Duelling Junos & what music moves Don Ross
Two mayoralty candidates are taking credit for their part in bringing the Juno Awards to Hamilton – one for the 2015 show, the other for getting the awards here in the first place.
Former city councillor Don Ross – who declared for mayor last month – notes he was chair of the economic development committee in the 90s when Hamilton petitioned officials of Canada’s dominant music awards to bring the Junos here.
(Photo: Don Ross, from his Facebook site)
“We went to Toronto and talked to the people in charge of the Junos . . . and said wouldn’t they like to move the awards to other communities in Canada,” Ross said in an interview. “We were the ones who reached out to them to move the Junos here.”
The Junos came to Hamilton for the 1995 awards, and were also held here in 96, 97 and 99. There was one last go-round for the Junos in Hamilton in 2001, but they haven’t been back since then.
Last week, mayoralty candidate Brian McHattie was featured here on SpecVotes.com talking about how branding Hamilton as a music city is part of his campaign.
McHattie has also positioned himself as a force behind the Junos returning to Hamilton in 2015. He points out he crafted the council motion that led to last spring’s request to the Junos to bring the show back .

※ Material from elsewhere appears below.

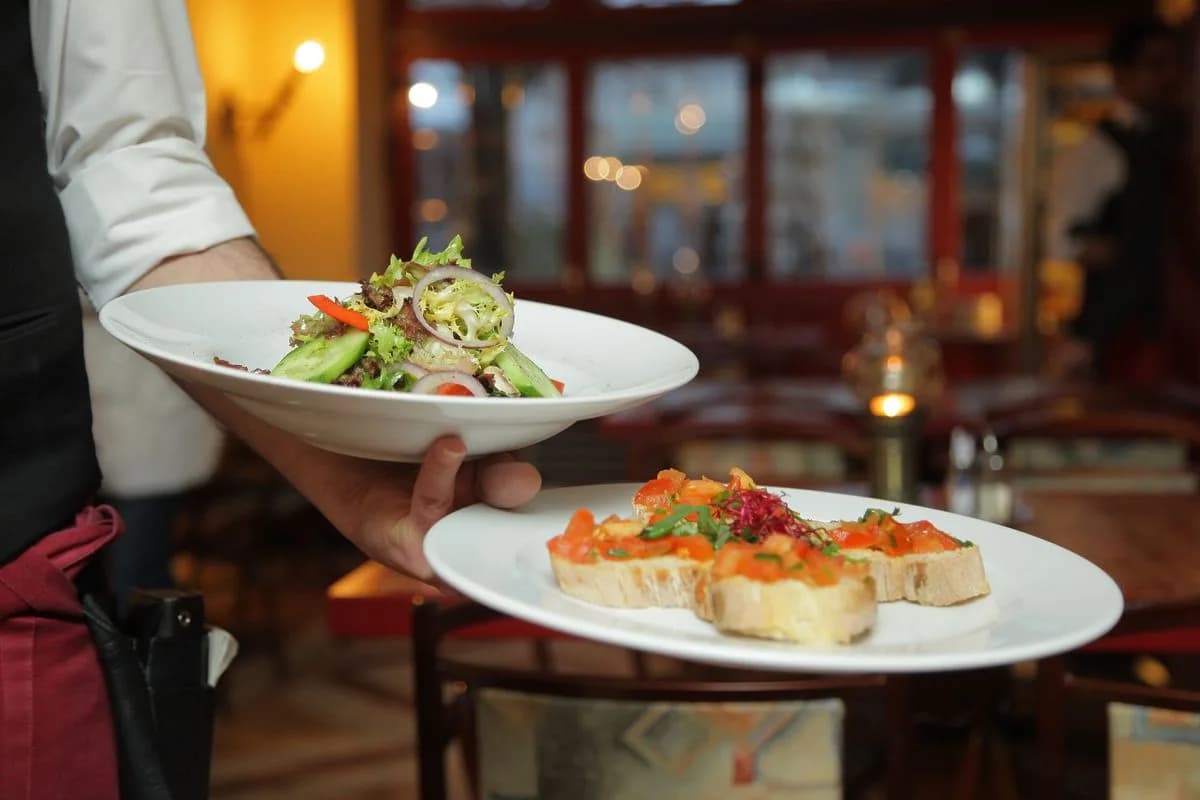 Warm restaurant exterior — reservation ad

Clearly, Hamilton music is central to both campaigns, consistent with the community’s rising interest in its reputation as a powerhouse for musicians of every type.
At last week’s Juno ceremony, Hamilton groups racked up a host of nominations: Monster Truck (rock album of the year), Tom Wilson’s LeE HARVeY OsMOND (roots and traditional, group), Harrison Kennedy (blues album), City Harmonic (contemporary Christian/gospel). Not to mention that the region also has Walk off the Earth (three major nominations for the Burlington group). See more on the Junos at thespec.com
Ross, who says he has broad tastes in music, said he hasn’t really thought about the full extent of the music component for his mayoralty campaign – whether it’s the position he takes on Hamilton as a music city or what he plays for electioneering.

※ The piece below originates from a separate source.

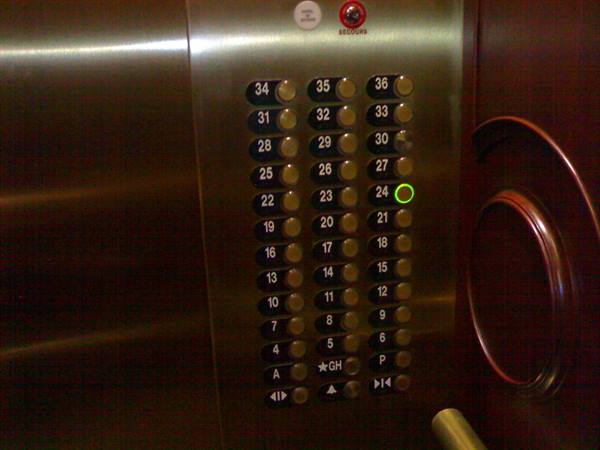 Golden metal elevator panel, floor 24 button glowing green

“There will definitely be music, I’m a very upbeat kind of person and I have two daughters who are music afficionados. They’re right up to date on it all.”
What moves him personally?
Country, pop, some classical and a special affinity for Susan Aglukark, the celebrated Inuit singer-songwriter who also has become a keynote speaker and workshop leader.
“I love her music. I have a real soft spot for her.”